### Problem requirements
Out of the entries that follow, copy each line containing "Colorado".

[Data items]

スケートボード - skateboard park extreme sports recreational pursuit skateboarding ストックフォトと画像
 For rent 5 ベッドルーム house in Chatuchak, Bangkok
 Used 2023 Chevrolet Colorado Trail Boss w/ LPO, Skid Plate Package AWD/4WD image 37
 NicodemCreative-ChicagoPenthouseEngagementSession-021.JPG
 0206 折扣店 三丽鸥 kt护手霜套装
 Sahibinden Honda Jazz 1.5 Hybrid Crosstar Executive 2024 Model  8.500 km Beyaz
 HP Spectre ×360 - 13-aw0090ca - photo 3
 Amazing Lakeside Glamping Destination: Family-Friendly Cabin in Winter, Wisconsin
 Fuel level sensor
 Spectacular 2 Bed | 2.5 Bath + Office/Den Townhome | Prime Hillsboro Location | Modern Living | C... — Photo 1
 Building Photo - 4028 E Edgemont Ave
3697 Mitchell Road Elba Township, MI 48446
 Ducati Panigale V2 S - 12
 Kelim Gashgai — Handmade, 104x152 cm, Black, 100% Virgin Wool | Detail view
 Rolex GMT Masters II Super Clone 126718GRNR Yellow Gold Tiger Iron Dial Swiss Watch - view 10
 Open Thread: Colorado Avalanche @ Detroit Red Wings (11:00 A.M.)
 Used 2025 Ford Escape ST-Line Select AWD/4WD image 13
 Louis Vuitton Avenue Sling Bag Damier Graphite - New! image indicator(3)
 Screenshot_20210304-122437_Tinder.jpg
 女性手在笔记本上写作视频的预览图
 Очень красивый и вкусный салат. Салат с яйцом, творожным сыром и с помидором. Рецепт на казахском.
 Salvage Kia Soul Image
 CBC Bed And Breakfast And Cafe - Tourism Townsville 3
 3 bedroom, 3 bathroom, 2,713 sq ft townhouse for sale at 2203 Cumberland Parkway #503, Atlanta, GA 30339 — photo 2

### Exercise solution
 Used 2023 Chevrolet Colorado Trail Boss w/ LPO, Skid Plate Package AWD/4WD image 37
 Open Thread: Colorado Avalanche @ Detroit Red Wings (11:00 A.M.)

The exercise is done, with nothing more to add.